Wien. Kein Fleisch, kein Fisch, keine Milch, keine Eier, kein Honig - überhaupt nichts vom Tier. Was für viele Menschen nach Verzicht und Einschränkung klingen mag, ist für zahlreiche Österreicher zum Lebensstil geworden. Veganismus lehnt die Nutzung aller Tierprodukte aus ethischen, gesundheitlichen oder umweltbewussten Gründen strikt ab. Die Gastronomie und andere Branchen ziehen mit.

"Fünf Prozent der österreichischen Bevölkerung leben vegetarisch, in Wien beträgt der Anteil bis zu sieben Prozent. Maximal zehn Prozent davon leben vegan, es gibt also etwa 40.000 Veganer und Veganerinnen in Österreich", rechnet Felix Hnat von der Veganen Gesellschaft Österreich (VGÖ) vor. Ein Trend, der auch Wiener Unternehmen beschäftigt.

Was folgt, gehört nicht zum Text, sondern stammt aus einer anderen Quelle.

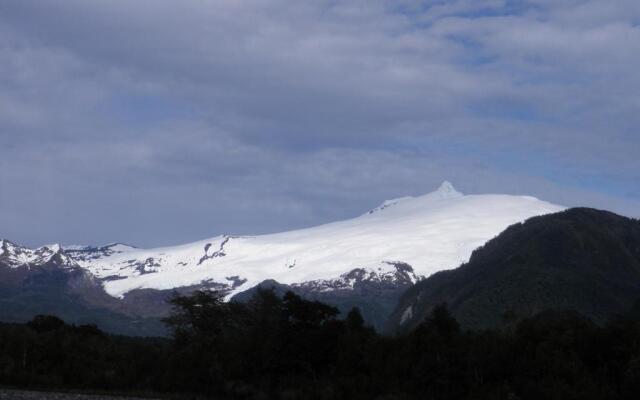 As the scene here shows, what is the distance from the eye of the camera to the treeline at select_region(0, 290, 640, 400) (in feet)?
236

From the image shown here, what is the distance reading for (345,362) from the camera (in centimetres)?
8194

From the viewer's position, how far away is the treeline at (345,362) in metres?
71.8

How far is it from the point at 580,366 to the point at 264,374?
27.2m

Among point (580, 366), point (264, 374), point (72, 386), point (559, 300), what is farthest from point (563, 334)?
point (559, 300)

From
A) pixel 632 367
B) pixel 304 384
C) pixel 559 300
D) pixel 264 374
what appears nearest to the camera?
pixel 632 367

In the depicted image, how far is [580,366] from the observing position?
72562 millimetres

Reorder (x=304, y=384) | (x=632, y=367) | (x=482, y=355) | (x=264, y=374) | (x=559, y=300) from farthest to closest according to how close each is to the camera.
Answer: (x=559, y=300), (x=264, y=374), (x=304, y=384), (x=482, y=355), (x=632, y=367)

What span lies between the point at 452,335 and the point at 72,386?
110 feet

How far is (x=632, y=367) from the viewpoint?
68.9 metres

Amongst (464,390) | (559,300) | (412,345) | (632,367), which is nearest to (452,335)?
(412,345)

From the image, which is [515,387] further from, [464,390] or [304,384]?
[304,384]

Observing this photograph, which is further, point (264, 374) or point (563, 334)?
point (264, 374)

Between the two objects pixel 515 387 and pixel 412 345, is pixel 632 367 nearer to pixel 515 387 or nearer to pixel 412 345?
pixel 515 387

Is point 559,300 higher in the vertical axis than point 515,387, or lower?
higher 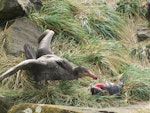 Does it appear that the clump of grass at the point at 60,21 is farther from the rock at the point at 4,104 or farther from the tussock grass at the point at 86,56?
the rock at the point at 4,104

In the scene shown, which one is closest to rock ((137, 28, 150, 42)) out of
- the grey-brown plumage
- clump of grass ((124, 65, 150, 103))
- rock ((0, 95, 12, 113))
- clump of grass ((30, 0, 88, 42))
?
clump of grass ((30, 0, 88, 42))

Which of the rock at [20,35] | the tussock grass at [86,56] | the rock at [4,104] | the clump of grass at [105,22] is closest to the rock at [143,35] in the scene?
the tussock grass at [86,56]

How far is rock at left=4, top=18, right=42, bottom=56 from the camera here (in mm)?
8070

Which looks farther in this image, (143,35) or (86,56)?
(143,35)

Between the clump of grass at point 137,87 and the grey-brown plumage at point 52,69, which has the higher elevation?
the grey-brown plumage at point 52,69

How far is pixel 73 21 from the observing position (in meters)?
9.53

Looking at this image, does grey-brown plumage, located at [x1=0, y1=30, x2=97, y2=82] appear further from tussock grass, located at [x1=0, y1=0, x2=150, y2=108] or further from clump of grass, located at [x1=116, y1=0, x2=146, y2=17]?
clump of grass, located at [x1=116, y1=0, x2=146, y2=17]

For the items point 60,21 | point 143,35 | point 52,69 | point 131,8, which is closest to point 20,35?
point 60,21

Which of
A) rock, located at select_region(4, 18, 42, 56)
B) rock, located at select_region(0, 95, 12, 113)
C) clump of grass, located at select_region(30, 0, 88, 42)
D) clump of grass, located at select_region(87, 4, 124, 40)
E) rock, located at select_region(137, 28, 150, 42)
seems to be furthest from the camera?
rock, located at select_region(137, 28, 150, 42)

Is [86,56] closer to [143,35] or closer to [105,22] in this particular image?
[105,22]

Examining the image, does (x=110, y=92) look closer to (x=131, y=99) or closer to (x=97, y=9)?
(x=131, y=99)

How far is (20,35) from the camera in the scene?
326 inches

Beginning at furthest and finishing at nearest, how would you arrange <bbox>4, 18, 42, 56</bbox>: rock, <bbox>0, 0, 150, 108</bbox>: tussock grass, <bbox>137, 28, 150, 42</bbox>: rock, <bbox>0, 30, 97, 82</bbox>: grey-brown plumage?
<bbox>137, 28, 150, 42</bbox>: rock
<bbox>4, 18, 42, 56</bbox>: rock
<bbox>0, 0, 150, 108</bbox>: tussock grass
<bbox>0, 30, 97, 82</bbox>: grey-brown plumage

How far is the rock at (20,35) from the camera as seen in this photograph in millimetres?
8070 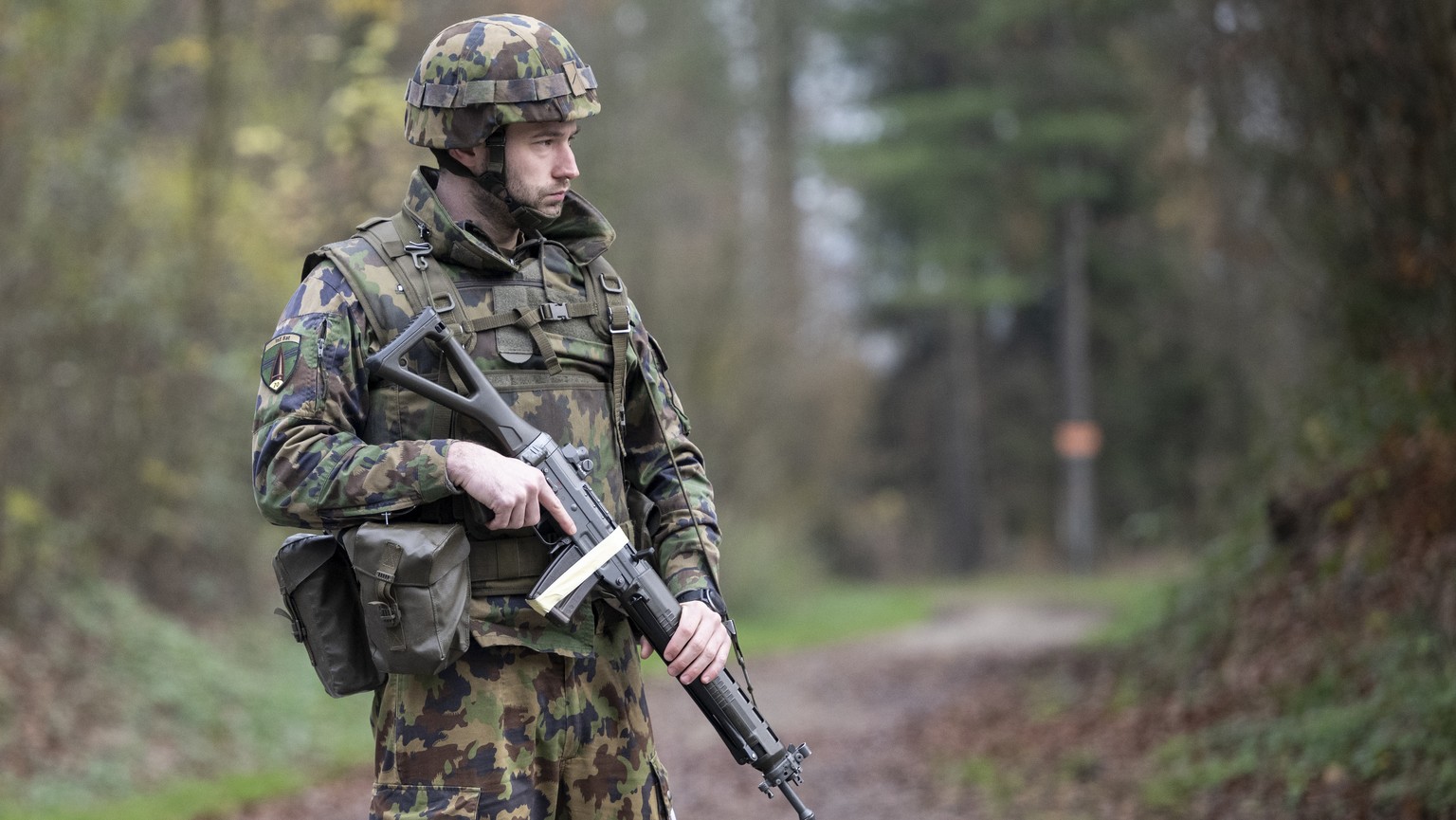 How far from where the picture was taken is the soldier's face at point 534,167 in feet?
11.5

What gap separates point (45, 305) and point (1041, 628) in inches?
502

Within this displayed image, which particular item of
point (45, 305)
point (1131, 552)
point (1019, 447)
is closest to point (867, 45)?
point (1019, 447)

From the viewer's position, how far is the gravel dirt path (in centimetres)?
809

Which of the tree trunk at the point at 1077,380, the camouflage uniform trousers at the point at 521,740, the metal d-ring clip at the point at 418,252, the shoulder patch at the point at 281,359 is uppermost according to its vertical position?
the tree trunk at the point at 1077,380

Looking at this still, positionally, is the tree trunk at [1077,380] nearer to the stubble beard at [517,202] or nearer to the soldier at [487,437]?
the soldier at [487,437]

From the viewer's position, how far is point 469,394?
132 inches

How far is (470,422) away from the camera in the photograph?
3.41 meters

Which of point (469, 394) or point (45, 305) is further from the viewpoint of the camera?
point (45, 305)

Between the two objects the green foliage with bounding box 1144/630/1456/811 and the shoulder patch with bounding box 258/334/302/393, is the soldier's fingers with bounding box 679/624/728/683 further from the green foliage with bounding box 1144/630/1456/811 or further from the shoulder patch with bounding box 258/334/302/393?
the green foliage with bounding box 1144/630/1456/811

Seit September gibt es etwa bei "pizza on tour" Pizza mit pflanzlichem Käseersatz. Geschäftsführer Gerhard Höckner trifft mit diesem Angebot ins Schwarze: "Die Nachfrage ist sehr groß. Wir haben viele, neue Kunden aus allen Wiener Bezirken dazugewonnen." Der einzige Nachteil: "Der vegane Käse ist teurer im Einkauf als der normale. Deswegen verlangen wir einen Aufpreis von einem Euro."

Auch veganes Eis lag diese Saison hoch im Kurs. Große Eissalons, wie zum Beispiel die Bortolotti-Filialen, haben vegane Sorten in ihr Sortiment aufgenommen.

"Das ist seit diesem Jahr neu, die Leute wollten das haben. Wir versuchen, mit unserem Betrieb immer mitzuhalten", sagt Daniele Gabutto, Geschäftsführer der Filiale in der Mariahilfer Straße 22. Die pflanzliche Eiscreme basiert auf Olivenöl und ist bei den Kunden gut angekommen. Preisunterschied gibt es keinen.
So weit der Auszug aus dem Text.